MoveCall(xb(Arg(0)), ClauseFail());
-gen_dest

Include a store function as an argument to the c-macro.

%macro move_call MoveCall -gen_dest

MoveCall(xb(Arg(0)), StoreSimpleDest);
-goto

Replace the normal next dispatch with a jump to a c-label inside beam_emu.c

%macro move_call MoveCall -goto:do_call

MoveCall(xb(Arg(0)));
goto do_call;

Optimizations

The loader performs many peephole optimizations when loading the code. The most important ones are instruction combining and instruction specialization.

Instruction combining is the joining of two or more smaller instructions into one larger instruction. This can lead to a large speed up of the code if the instructions are known to follow each other most of the time. The speed up is achieved because there is no longer any need to do a dispatch inbetween the instructions, and also the C compiler gets more information to work with when it is optimizing that instruction. When to do instruction combining is a trade-off where one has to consider the impact the increased size of the main emulator loop has vs the gain when the instruction is executed.

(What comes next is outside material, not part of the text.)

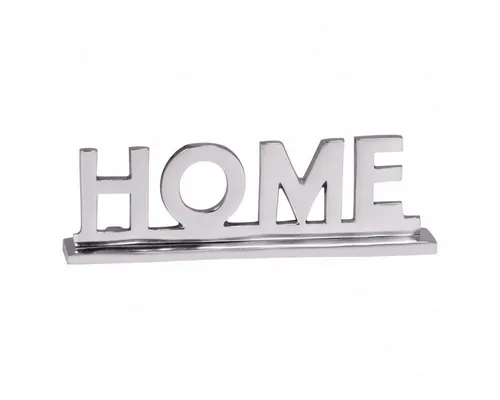 Wohnling Deko-Buchstaben Home Schriftzug Deko Wohnzimmer Tisch Dekoration Alu Aluminium Wohndek (Home Deko Schriftzug Design Wohnzimmer Dekoration), Wohndeko für Esstisch Silber 22 cm, Aluminium Alu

Instruction specialization removes the need to decode the arguments in an instruction. So instead of having one move_sd instruction, move_xx, move_xy etc are generated with the arguments already decoded. This reduces the decode cost of the instructions, but again it is a tradeoff vs emulator code size.

select_val optimizations

The select_val instruction is emitted by the compiler to do control flow handling of many functions or case clauses. For instance:

select(1) -> 3;
select(2) -> 3;
select(_) -> error.

compiles to:

{function, select, 1, 2}.
  {label,1}.
    {line,[{location,"select.erl",5}]}.
    {func_info,{atom,select},{atom,select},1}.
  {label,2}.
    {test,is_integer,{f,4},[{x,0}]}.
    {select_val,{x,0},{f,4},{list,[{integer,2},{f,3},{integer,1},{f,3}]}}.
  {label,3}.
    {move,{integer,3},{x,0}}.
    return.
  {label,4}.
    {move,{atom,error},{x,0}}.
    return.

The values in the condition are only allowed to be either integers or atoms. If the value is of any other type the compiler will not emit a select_val instruction. The loader uses a couple of hearistics to figure out what type algorithm to use when doing the select_val.

jump_on_val

Create a jump table and use the value as the index. This if very efficient and happens when a group of close together integers are used as the value to select on. If not all values are present, the jump table is padded with extra fail label slots.

select_val2

Used when only two values are to be selected upon and they to not fit in a jump table.

select_val_lins

Do a linear search of the sorted atoms or integers. This is used when a small amount of atoms or integers are to be selected from.

select_val_bins

Do a binary search of the sorted atoms or integers.

pre-hashing of literals

When a literal is loaded and used as an argument to any of the bifs or instructions that need a hashed value of the literal, instead of hashing the literal value every time, the hash is created by the loader and used by the instructions.

Examples of code using this technique is maps instructions and also the process dictionary bifs.